In this study, the mechanical properties and microstructural evolution of the pre-strained titanium alloy Ti‐6Al‐4V under high-density pulsed electric current (HDPEC) treatment were investigated. The results showed that the HDPEC treatment successfully restored the plastic deformation or strain hardening of the pre-strained Ti‐6Al‐4V without deteriorating its strength. In addition, multi-HDPEC treatments were conducted to examine the cumulative effect on plastic recovery, and ultrahigh deformability with an increasing rate of 287% was achieved at a current density of 250 A/mm2 for 20 ms. Microstructural characterization indicated that dislocations and the associated sub-grain boundaries were remarkably reduced after the HDPEC treatment, contributing to ductility enhancement. Additionally, the rapidly heat-treated sample with a thermal history curve similar to that of the HDPEC-treated samples did not show obvious microstructural changes, indicating that the athermal effect of the HDPEC treatment plays an important role in modifying the microstructure of the material.

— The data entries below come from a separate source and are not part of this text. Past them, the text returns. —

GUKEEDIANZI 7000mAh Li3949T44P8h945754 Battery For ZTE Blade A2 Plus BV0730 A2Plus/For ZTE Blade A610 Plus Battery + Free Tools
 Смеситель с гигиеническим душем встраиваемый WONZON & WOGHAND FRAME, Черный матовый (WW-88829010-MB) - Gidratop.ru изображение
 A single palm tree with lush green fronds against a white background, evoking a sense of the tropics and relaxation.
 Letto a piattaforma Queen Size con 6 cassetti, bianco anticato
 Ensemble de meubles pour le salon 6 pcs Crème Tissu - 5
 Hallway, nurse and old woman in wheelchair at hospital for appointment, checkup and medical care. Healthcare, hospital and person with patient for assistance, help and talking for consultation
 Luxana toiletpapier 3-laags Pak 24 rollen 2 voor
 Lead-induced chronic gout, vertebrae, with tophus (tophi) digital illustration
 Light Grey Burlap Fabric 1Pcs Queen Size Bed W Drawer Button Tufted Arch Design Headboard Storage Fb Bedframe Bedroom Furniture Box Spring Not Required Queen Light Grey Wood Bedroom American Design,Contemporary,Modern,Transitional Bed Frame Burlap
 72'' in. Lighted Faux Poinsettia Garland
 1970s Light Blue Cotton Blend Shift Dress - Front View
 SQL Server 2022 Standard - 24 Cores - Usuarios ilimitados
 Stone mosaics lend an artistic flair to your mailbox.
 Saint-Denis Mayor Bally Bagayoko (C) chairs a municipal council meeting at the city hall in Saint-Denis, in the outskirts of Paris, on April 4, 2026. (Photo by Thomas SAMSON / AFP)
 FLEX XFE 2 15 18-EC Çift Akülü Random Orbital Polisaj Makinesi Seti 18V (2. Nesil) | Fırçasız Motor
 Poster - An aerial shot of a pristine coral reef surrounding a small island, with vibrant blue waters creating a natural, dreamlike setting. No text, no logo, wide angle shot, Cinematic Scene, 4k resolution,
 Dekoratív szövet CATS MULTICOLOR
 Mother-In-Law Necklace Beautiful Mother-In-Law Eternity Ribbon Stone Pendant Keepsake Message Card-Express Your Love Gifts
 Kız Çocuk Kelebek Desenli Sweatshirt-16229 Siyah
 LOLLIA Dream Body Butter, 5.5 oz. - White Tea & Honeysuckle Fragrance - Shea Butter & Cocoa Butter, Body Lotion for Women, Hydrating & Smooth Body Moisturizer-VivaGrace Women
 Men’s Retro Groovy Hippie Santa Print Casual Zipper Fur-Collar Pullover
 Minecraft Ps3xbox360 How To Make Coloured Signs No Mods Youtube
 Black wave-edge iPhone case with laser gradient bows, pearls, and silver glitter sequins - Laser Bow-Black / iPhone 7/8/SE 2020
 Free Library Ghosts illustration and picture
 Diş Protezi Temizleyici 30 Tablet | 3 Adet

The α'/α'' martensite phases were formed in the β phase after the HDPEC treatment, which is possibly related to the high cooling rate and diffusion of the V element (β phase stabilizer element). Specifically, at the current condition of 250 A/mm2 for 20 ms, some tiny martensite phases precipitated in the β phase without heavily deteriorating the microstructure and mechanical properties. Therefore, owing to its low cost and high efficiency, the HDPEC treatment can be applied to Ti-alloy components with internal plastic deformation to realize rapid restoration or achieve long service periods without significantly altering the microstructure.